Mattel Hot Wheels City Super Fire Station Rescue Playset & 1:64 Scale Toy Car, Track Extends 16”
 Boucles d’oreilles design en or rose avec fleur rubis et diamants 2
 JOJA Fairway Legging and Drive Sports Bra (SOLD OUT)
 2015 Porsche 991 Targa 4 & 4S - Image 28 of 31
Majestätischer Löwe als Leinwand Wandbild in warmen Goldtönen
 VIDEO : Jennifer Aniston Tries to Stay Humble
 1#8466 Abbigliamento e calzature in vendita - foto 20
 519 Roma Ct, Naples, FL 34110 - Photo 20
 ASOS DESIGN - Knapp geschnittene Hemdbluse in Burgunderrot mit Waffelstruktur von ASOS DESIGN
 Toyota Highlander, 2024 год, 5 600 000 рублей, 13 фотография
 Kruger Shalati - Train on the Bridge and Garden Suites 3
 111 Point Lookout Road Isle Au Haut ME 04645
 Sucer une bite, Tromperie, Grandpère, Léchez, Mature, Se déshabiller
=-=-=-=-=
**Instructions to follow**
Transcribe every entry exactly.

**Exercise output**
Mattel Hot Wheels City Super Fire Station Rescue Playset & 1:64 Scale Toy Car, Track Extends 16”
 Boucles d’oreilles design en or rose avec fleur rubis et diamants 2
 JOJA Fairway Legging and Drive Sports Bra (SOLD OUT)
 2015 Porsche 991 Targa 4 & 4S - Image 28 of 31
Majestätischer Löwe als Leinwand Wandbild in warmen Goldtönen
 VIDEO : Jennifer Aniston Tries to Stay Humble
 1#8466 Abbigliamento e calzature in vendita - foto 20
 519 Roma Ct, Naples, FL 34110 - Photo 20
 ASOS DESIGN - Knapp geschnittene Hemdbluse in Burgunderrot mit Waffelstruktur von ASOS DESIGN
 Toyota Highlander, 2024 год, 5 600 000 рублей, 13 фотография
 Kruger Shalati - Train on the Bridge and Garden Suites 3
 111 Point Lookout Road Isle Au Haut ME 04645
 Sucer une bite, Tromperie, Grandpère, Léchez, Mature, Se déshabiller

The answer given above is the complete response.